Jetzt fahren wir fünfzig Kilometer durch den Regen gen Norden, denn wir machen ganz oben mit Sylt weiter und lassen uns danach wieder gen Süden trudeln. Sechzehn Kilometer vor der dänischen Grenze steuern wir unseren nächsten Stellplatz, der hinter dem Deichhaus Hemenswarft liegt, an.
Es ist eine tiefer liegende Wiese im Schutz der höher liegenden Pension Hemenswarft. Rundherum ist nichts. Nur Wiesen. Es ist wirklich sehr sehr schön und ruhig und idyllisch hier. Die netten Betreiber informierten uns aber im Vorfeld per Email, dass es bei stärkerem Regen leider nicht gehe, wir aber selber schauen können. Die Gegend hier und das Gästehaus sind ausgestorben und der Regen prasselt weiter auf unsere Windschutzscheibe. Wir lassen unser Wohnmobil erstmal oben auf der Straße am Deich stehen und inspizieren die Wiese zu Fuß. Leider stehen wir auch schon gleich im Nassen. Okay, das hat sich dann also erledigt. Selbst wenn wir uns nicht festfahren, würden wir aber tiefe Reifenspuren in dem weichen Grund hinterlassen und den Stellplatz kaputtfahren. Und das wollen wir natürlich nicht.
Eigentlich wollten wir von hier aus mit den Rädern morgen früh zehn Kilometer zum Bahnhof Klanxbüll fahren und dort in den Zug nach Sylt steigen. Nun müssen wir umplanen. Wir entscheiden uns dafür, die Nacht auf dem Wohnmobilstellplatz in Niebüll zu verbringen. In Niebüll kann man ja auch in den Zug nach Sylt steigen.
Niebüll ist etwas belebter als die Gegend, aus der wir kommen. Wir stellen das Wohnmobil auf dem Stellplatz, einem schnöden Platz vor dem Hallenbad, ab. Dass der Bahnhof gleich um die Ecke ist, ist ganz praktisch bei dem Regen. Schließlich wollen wir trocken auf Sylt ankommen und dort auch noch ganz viel Fahrradfahren.
Wir schlendern zum Bahnhof, kaufen Zugtickets für morgen und schauen bei der Beladung der Autozüge zu. Ich freue mich schon auf morgen und hoffe, dass es nicht so doll regnet, wenn wir Sylt mit dem Fahrrad erkunden wollen.

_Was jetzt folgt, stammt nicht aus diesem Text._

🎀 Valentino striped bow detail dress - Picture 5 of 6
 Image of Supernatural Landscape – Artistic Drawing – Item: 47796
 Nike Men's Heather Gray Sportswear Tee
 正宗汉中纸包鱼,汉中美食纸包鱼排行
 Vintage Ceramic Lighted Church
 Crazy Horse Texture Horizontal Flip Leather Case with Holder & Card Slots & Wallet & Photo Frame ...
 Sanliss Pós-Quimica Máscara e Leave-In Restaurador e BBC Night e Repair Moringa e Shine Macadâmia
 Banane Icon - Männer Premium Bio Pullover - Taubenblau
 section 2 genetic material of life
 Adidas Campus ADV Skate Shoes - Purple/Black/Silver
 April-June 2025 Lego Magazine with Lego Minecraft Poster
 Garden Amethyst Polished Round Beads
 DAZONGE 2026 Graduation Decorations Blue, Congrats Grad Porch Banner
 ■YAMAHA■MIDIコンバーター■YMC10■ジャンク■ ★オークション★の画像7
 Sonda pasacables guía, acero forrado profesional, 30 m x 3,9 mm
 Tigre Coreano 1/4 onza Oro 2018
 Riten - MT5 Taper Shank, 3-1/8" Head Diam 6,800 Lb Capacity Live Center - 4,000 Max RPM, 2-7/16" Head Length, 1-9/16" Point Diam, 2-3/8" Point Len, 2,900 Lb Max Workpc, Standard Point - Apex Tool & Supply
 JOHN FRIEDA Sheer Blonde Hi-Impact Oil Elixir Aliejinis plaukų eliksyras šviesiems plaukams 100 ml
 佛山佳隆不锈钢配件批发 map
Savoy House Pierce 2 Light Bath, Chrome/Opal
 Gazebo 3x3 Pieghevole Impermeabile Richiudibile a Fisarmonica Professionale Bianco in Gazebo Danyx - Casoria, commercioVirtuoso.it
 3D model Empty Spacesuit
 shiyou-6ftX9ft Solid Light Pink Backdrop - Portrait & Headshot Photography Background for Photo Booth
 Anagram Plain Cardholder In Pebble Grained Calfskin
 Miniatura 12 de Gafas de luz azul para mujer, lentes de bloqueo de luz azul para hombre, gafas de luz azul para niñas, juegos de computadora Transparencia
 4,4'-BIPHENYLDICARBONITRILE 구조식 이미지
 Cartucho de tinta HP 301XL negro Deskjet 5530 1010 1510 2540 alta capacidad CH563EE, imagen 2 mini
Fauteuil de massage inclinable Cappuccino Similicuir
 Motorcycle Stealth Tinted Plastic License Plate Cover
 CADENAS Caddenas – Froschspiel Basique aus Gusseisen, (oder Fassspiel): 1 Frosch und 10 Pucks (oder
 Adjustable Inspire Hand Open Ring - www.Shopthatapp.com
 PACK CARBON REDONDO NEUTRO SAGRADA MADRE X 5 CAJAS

Wir schlendern durch Nieblum zurück zum Wohnmobil und ich frage Tatti, ob wir nicht auch mal mit dem Wohnmobil nach Sylt wollen.
Ich würde es sehr spannend finden, mit dem Wohnmobil auf den Autozug zu fahren. Und Sylt ist so schön vielseitig und hat tolle Dünen und so viele schöne Ferienhäuser. Und es ist dort auch gar nicht so versnobt wie Tatti immer denkt. "Ne, echt nicht", antwortet sie. Mal abwarten, was sie morgen Abend sagt.
Dann gehe ich zum Testzentrum in unmittelbarer Nachbarschaft des Stellplatzes. Ich bin auch schon gleich an der Reihe, finde aber meinen Ausweis nicht. Mist. Mist. Mist. Ich denke nach. Zuletzt gesehen habe ich ihn am Fährhaften von Nordstrand beim letzten Testen.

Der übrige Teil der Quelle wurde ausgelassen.